Today we did the touristy thing - tour of the D-day landing sights.
The weather seemed appropriate for such a solemn excursion - black
thunderheads rolling in, gale force winds sweeping across the hills,
bitterly cold rain. Still, on we went. First stop was a place called
Vierville-sur-Mer, The beginning of Omaha beach. Its difficult to get a
sense of the battles fought here. The area has been built over with
urban developments. Apart from the plaques around the place, there
doesn't appear to be any context to associate it with war. Further along
the coast you get to Pointe Du Hoc,
where the American Ranger division stormed the cliffs. Huge craters
pockmarked the ground, remnants of the severe shelling the area
suffered. There were bombed out German concrete bunkers and gun
emplacements. Looked like the field of battle hadn't been touched since
it happened. It was quite eerie to realize that hundreds of men lost
their lives here.
Heading east along the coast we came to a fishing town called Port-en-Bessin.

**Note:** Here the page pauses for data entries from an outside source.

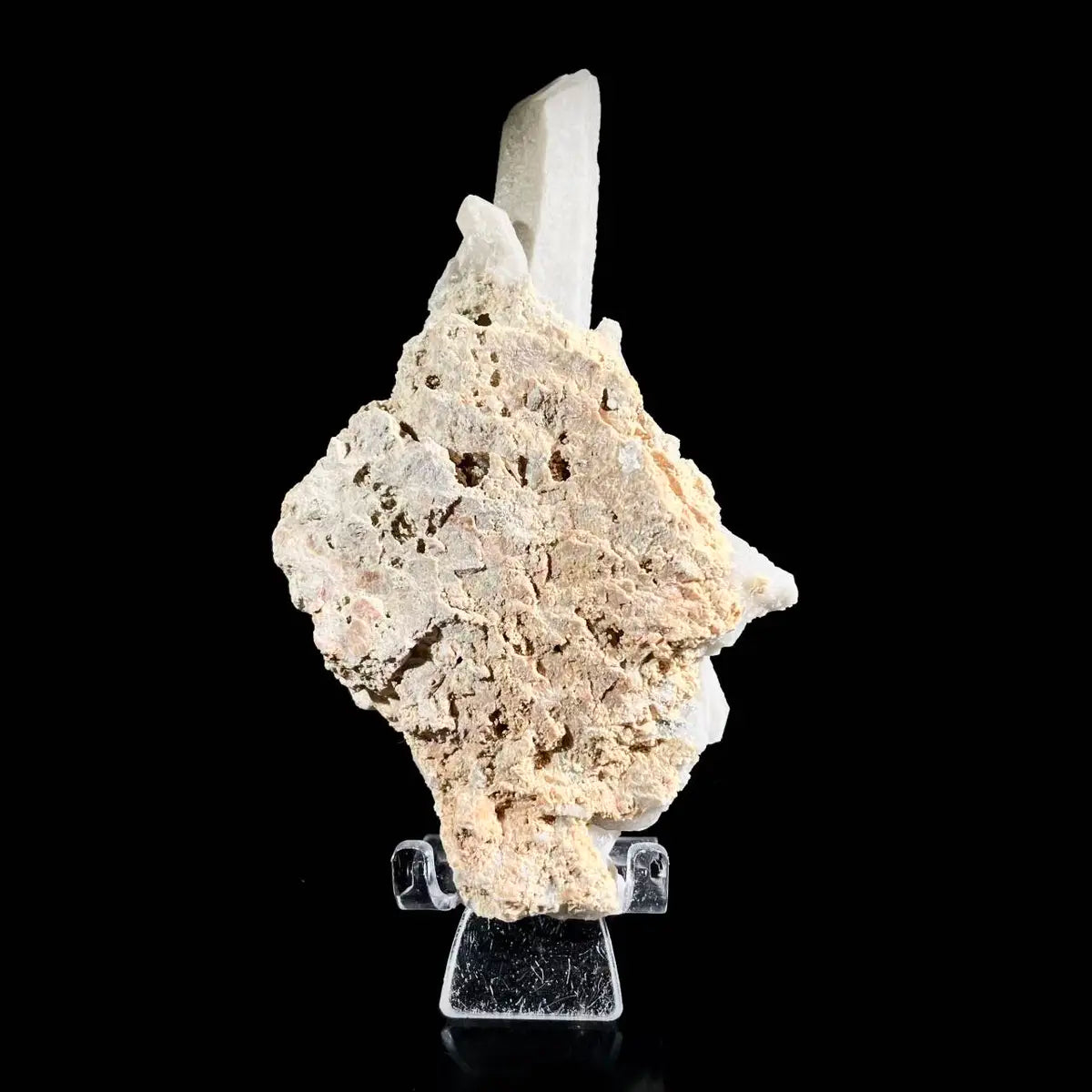 Natural Inner Mongolia Candle Quartz Crystal Cluster on Matrix | Rare Quartz Mineral Specimen | Mineral Collection | 290 g | 15*8.5*4 cm
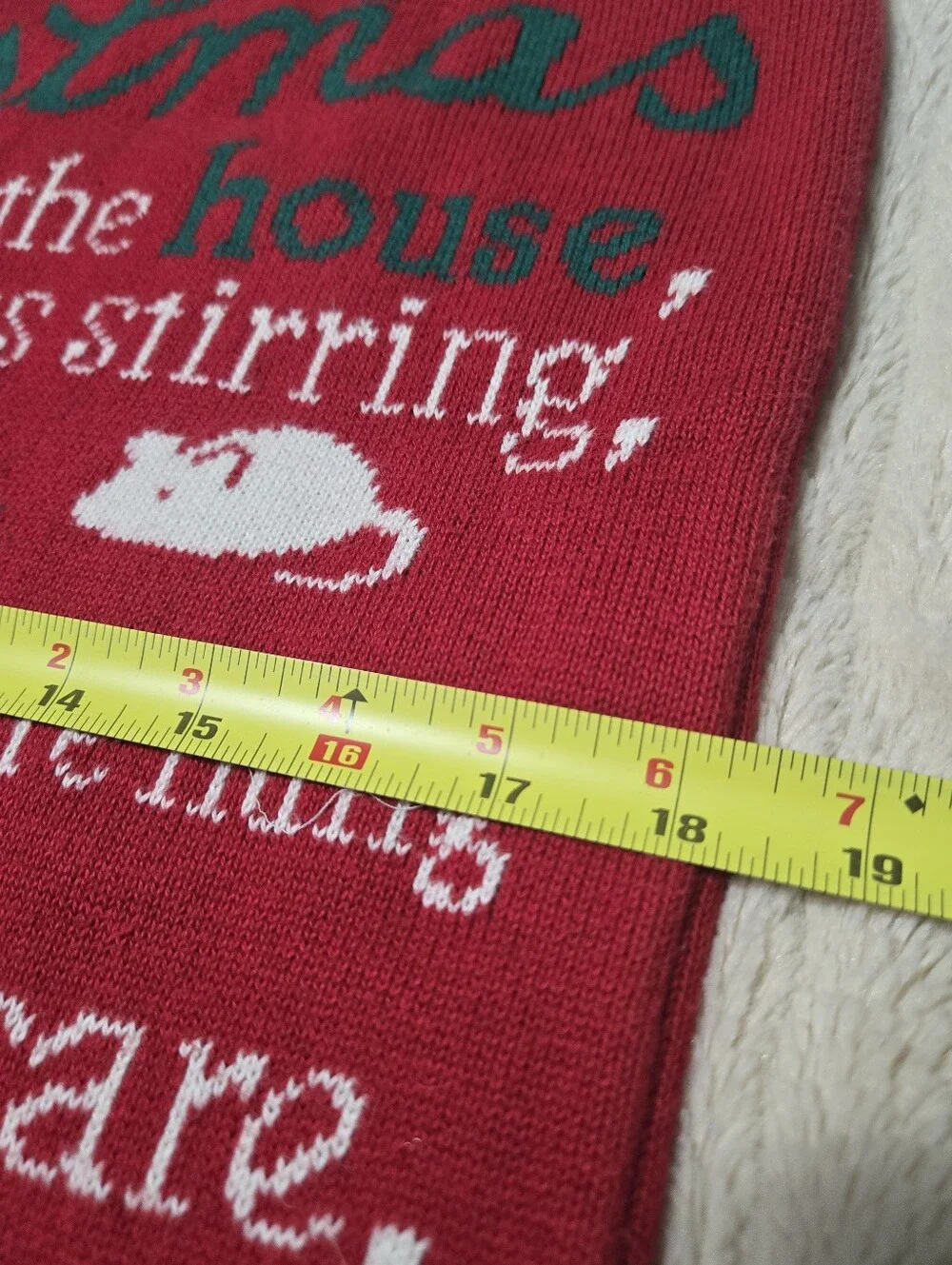 Christmas pillow case “‘Twas the Night before Christmas”, throw cover only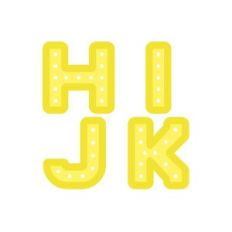 Marquee Alphabet H I J K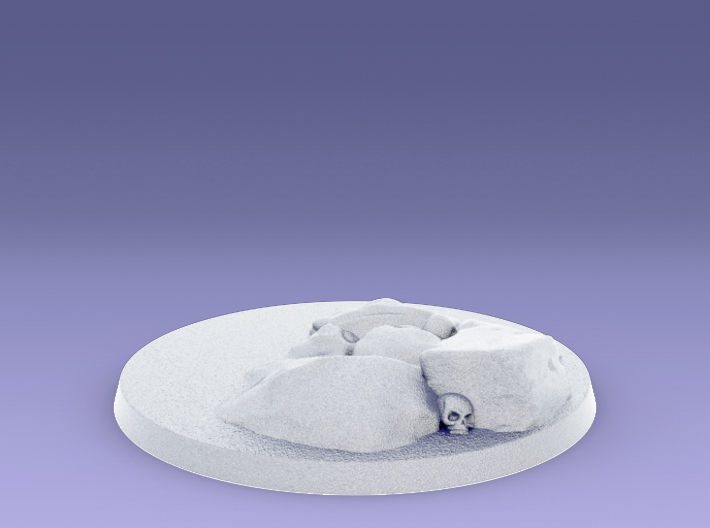 Left-foot Tactical Rocks 2 : 60mm Round Bases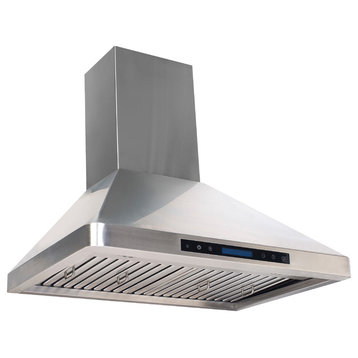 Home Beyond Stainless Steel Range Hood With 4 Speed Touch Control and Remote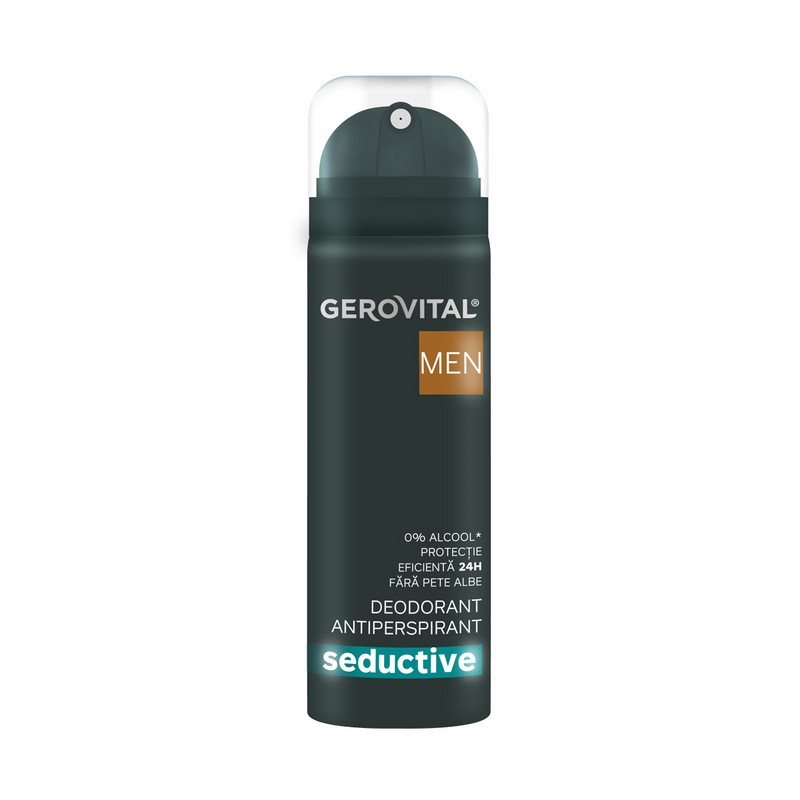 Gerovital Men Seductive deodorant antiperspirant, 150 ml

The harbour was full of fishing boats, large and small - must have been
over 50 of them. While we were sitting in a cafe having some lunch we
had a birdseye view of them as they were leaving the port, heading out
to sea. One by one they slid past our window, navigating the narrow
channel out of the harbour. It took well over an hour for all of them to
pass by. Quite an impressive sight. Then we wandered down to the fish
market on the wharf where we watched a couple of fishmongers getting
scallops ready for the market. The way they flashed their razor sharp
knives around, you wouldn't want to meet one in a grumpy mood in a dark
alley.
At this time of the year all the D-day
museums are closed for the winter, so we just toured the coast by car,
taking in the villages, and reading a commemorative plaque here and
there. We did stop in at the American War Cemetery
- very impressive. Apart from thousands of grave markers, there is a
memorial with a mural describing the landings, as well as a map of
operations. Gives a great overview of the scale of operations that took
place here.
So, despite the atrocious weather, we
thoroughly enjoyed the days excursion. As well as the places where much
of the 20th century was shaped, we saw some lovely villages, tasted some
wonderful food, and witnessed a small window of what life is like in
this region. All up, most satisfactory.